Epilepsy:  I was diagnosed with epilepsy after having numerous, unexplainable seizures.  I believe that this was triggered by high doses of medications I was on at the time of my diagnosis. 

Infections:  I acquired countless infections included a staphylococcus infection in my blood that spread to my heart and nearly took my life. 

There were periods of remission where I would gain my strength back, when the depression would diminish, and I would feel confident about my future again.  But these periods were short lived and I would quickly become depressed again.  At times I felt like I had been robbed of my spirit.  At this point I knew that my entire life was going to be changed and that I wouldn’t be able to have the future that I’d dreamed of. 

I had no choice but to accept my disease.  With the help of my family and loved ones I was able to regain some state of mental balance and clarity.  I learned that whether I cried or laughed, at the end of the day I was still going to be sick.  I didn’t want to spend my days in self-pity or fill them with misery.  So I began taking things one day at a time and have learned to make the best of what I have. 

Ulcerative Colitis and Crohn's Disease affect all areas of your life including having interpersonal relationships and raising a family. Living with Inflammatory Bowel Disease can be difficult, embarrassing and even humiliating at times. The most essential aspect of having control over this disease is accepting it. By accepting it yourself you allow others to become more empathetic and accept it as well.

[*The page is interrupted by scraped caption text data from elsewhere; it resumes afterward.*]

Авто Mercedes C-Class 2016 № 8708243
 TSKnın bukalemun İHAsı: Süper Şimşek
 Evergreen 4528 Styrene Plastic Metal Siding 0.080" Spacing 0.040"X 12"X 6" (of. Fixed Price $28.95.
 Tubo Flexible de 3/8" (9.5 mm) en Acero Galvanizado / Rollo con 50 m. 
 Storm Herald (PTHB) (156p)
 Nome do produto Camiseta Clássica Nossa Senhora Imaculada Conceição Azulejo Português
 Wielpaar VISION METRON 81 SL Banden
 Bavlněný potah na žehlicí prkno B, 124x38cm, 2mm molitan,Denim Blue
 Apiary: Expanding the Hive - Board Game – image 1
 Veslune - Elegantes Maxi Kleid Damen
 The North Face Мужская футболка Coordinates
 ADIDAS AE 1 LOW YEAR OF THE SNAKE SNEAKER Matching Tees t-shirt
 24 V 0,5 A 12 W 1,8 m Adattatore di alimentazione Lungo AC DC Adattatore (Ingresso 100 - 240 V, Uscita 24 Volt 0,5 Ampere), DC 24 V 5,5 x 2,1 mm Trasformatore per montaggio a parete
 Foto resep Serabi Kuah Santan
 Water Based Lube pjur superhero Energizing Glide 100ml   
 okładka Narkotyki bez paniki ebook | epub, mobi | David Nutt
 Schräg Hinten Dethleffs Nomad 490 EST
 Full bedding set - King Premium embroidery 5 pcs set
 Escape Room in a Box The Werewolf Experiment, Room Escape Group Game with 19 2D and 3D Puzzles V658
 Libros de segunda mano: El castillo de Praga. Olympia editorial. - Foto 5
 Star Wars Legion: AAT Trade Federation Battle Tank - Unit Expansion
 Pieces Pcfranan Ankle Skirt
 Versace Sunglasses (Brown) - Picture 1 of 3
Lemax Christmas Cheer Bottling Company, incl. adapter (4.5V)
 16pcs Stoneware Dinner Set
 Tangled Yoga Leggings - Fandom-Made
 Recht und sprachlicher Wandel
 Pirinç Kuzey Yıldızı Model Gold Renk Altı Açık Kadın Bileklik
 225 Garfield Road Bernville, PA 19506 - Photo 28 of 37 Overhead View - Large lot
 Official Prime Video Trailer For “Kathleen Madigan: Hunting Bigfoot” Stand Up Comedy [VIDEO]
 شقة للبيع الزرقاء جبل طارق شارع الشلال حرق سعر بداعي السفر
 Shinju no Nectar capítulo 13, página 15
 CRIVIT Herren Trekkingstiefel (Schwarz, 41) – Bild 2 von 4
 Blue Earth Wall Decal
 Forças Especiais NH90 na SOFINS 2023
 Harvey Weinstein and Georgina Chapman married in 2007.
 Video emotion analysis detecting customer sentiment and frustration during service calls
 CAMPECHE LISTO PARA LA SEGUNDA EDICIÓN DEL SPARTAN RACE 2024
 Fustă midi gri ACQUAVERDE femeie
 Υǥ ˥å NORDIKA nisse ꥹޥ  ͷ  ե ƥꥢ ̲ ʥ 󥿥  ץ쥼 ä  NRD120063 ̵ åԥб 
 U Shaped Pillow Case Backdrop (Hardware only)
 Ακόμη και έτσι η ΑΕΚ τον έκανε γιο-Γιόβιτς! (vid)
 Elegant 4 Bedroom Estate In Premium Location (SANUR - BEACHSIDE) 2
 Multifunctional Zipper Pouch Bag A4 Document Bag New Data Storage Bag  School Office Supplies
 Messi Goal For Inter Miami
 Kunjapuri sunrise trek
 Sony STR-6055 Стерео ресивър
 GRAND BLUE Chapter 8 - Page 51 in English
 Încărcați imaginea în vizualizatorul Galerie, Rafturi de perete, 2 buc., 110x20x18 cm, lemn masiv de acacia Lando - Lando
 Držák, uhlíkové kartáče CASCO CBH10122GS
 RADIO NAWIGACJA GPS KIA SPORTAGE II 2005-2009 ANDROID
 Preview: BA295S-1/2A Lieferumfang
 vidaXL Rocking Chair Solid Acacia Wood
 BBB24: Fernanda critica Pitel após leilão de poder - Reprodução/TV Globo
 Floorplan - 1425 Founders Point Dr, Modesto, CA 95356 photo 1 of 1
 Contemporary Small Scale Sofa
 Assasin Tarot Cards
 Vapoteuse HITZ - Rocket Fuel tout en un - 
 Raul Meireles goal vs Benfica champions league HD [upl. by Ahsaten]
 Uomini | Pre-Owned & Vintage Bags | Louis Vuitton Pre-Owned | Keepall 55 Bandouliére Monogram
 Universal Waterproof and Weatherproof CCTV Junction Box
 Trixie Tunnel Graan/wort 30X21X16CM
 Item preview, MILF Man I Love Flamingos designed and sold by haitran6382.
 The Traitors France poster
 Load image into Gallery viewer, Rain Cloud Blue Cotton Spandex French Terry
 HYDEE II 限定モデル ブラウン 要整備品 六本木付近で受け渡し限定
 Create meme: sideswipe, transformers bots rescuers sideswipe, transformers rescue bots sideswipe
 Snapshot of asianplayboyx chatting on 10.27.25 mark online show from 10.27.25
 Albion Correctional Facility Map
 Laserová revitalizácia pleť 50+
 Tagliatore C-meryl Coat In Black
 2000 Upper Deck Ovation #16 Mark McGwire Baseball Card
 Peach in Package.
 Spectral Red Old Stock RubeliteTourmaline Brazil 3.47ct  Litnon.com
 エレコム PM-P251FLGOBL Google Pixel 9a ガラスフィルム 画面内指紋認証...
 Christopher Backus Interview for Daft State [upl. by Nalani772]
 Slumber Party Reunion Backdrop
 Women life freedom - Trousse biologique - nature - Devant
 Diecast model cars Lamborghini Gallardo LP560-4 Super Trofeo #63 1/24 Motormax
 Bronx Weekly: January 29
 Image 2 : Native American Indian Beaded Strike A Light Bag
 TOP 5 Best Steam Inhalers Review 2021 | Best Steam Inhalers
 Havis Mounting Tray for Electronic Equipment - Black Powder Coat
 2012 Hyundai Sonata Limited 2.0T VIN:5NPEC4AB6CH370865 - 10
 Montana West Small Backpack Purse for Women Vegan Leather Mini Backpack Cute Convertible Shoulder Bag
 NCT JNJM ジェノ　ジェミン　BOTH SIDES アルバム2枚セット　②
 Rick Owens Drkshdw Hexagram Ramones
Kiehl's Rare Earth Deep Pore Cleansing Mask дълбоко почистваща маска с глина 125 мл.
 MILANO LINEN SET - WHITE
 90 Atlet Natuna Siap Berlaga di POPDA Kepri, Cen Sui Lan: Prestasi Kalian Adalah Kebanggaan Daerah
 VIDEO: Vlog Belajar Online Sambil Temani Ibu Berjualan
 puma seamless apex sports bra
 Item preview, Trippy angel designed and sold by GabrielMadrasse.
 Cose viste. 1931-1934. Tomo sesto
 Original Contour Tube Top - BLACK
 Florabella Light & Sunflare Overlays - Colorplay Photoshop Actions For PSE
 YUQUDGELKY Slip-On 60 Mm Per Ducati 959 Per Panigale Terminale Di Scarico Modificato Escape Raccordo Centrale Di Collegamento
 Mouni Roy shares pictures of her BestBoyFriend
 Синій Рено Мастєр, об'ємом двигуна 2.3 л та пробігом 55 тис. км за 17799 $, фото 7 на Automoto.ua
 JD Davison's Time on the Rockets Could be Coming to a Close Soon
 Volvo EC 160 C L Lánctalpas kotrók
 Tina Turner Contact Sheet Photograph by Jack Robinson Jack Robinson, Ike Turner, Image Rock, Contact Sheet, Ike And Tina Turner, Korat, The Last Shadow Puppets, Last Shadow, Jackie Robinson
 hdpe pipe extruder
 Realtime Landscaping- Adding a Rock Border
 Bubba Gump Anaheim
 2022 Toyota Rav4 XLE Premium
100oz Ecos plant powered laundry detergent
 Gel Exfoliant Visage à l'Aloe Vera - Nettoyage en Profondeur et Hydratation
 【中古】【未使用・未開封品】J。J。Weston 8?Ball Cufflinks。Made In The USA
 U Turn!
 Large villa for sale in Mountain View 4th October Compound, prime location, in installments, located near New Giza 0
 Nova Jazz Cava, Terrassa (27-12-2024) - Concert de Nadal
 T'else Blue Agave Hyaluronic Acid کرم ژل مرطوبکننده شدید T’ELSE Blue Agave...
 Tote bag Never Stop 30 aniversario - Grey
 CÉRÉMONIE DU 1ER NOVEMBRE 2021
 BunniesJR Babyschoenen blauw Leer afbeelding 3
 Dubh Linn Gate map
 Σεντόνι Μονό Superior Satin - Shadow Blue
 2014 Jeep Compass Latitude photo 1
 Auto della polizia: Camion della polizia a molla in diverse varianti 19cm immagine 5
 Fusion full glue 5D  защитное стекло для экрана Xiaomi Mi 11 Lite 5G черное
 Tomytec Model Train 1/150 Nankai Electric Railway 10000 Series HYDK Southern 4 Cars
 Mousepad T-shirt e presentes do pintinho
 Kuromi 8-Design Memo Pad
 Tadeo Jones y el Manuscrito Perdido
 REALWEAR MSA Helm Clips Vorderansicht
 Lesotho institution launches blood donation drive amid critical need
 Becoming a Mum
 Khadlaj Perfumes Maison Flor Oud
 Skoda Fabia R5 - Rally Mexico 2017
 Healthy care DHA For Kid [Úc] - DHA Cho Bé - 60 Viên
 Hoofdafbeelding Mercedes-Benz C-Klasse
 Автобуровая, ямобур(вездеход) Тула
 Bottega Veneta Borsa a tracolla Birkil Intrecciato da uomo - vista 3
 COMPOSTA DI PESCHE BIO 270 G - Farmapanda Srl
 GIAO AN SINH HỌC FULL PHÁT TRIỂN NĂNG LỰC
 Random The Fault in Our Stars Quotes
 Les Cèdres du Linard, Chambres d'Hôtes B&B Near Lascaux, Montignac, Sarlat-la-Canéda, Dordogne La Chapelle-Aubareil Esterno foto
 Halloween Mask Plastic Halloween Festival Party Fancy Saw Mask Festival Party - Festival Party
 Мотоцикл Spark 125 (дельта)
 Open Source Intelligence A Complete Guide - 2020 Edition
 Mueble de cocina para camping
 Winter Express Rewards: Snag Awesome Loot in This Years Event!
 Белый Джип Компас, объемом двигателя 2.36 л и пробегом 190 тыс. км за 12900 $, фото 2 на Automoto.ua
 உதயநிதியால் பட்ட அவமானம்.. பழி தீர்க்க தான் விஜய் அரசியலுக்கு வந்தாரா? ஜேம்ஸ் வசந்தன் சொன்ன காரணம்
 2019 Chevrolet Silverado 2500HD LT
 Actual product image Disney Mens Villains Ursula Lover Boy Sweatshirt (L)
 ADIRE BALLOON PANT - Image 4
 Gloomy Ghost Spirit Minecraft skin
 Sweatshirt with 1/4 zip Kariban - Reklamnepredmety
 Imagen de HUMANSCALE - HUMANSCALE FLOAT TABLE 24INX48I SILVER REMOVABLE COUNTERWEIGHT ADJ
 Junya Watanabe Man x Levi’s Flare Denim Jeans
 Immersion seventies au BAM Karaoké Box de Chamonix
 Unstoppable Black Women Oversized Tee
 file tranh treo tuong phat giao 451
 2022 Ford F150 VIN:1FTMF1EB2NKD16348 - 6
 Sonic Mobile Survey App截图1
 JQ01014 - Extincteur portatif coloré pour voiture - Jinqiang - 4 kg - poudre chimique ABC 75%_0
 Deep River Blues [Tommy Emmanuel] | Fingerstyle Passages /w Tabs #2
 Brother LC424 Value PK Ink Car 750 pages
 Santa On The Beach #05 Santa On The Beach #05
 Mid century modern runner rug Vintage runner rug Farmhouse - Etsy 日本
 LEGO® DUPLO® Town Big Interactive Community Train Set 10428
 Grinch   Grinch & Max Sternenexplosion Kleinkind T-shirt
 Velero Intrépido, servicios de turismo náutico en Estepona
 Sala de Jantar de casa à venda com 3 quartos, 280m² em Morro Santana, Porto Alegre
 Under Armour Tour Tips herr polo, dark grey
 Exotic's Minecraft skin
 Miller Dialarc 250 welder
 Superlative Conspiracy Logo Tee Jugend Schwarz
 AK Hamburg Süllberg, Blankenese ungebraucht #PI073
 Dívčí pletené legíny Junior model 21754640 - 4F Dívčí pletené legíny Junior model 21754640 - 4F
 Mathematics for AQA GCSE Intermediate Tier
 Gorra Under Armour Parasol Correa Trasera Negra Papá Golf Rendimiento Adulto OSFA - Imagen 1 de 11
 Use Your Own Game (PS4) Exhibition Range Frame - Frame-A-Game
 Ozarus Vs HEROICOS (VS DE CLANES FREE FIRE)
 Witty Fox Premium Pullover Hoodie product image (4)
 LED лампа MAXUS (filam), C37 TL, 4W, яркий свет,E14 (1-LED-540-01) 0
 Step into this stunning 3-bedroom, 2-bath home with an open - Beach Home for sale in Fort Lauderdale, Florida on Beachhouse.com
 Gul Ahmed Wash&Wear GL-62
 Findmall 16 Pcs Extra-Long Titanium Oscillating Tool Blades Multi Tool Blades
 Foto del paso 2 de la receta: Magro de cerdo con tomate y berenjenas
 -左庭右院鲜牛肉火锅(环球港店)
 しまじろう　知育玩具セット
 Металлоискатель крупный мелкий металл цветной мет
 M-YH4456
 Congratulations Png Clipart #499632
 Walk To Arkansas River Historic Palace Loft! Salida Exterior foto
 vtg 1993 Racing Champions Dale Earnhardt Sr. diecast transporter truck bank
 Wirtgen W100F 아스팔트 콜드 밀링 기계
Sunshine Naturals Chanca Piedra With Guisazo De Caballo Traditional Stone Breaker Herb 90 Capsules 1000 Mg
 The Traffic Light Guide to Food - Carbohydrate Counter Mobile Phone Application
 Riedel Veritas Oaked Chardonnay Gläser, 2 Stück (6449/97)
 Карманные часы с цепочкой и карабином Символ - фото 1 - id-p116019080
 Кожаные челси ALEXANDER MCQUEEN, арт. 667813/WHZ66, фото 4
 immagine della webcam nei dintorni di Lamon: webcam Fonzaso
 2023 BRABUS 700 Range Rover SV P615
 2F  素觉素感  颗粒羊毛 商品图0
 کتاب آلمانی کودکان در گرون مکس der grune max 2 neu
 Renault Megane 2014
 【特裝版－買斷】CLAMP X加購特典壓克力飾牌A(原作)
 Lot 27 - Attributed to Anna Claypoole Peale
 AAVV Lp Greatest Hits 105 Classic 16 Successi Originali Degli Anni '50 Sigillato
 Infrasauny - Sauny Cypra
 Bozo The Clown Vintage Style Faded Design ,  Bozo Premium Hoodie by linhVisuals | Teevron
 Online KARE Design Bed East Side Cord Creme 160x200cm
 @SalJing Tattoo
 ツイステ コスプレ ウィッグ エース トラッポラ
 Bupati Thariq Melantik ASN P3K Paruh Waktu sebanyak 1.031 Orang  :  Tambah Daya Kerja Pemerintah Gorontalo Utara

I’ve also found that it is important to surround yourself with people that are going to have a positive impact on your life. I have parents and siblings that are loving, caring, understanding and compassionate. Even with all of the hardships and challenging experiences I've endured I feel very lucky to have the family that I do. Without their support I'm not sure I would have made it through all of this without losing my sanity. I am where I am today because of their selflessness and unconditional love.

I have learned and am still learning to lead a life with minimal stress, to eat right and to exercise in the best way that I can. I've also involved myself in support groups for people with Inflammatory Bowel Disease. In doing this I know that I'm not alone. There are others out there who are also suffering because of these diseases. Only they truly understand what I'm going through and are able to offer the kind of support you can't find anywhere else. I have made a firm decision that no matter what happens or how bad it gets I will not let this disease dictate my life.

I hope that this blog not only becomes a place of learning but also a place where you can come to find support.  I will do my best to answer questions and make daily posts.  I look forward to all of your comments and questions and to getting to know you!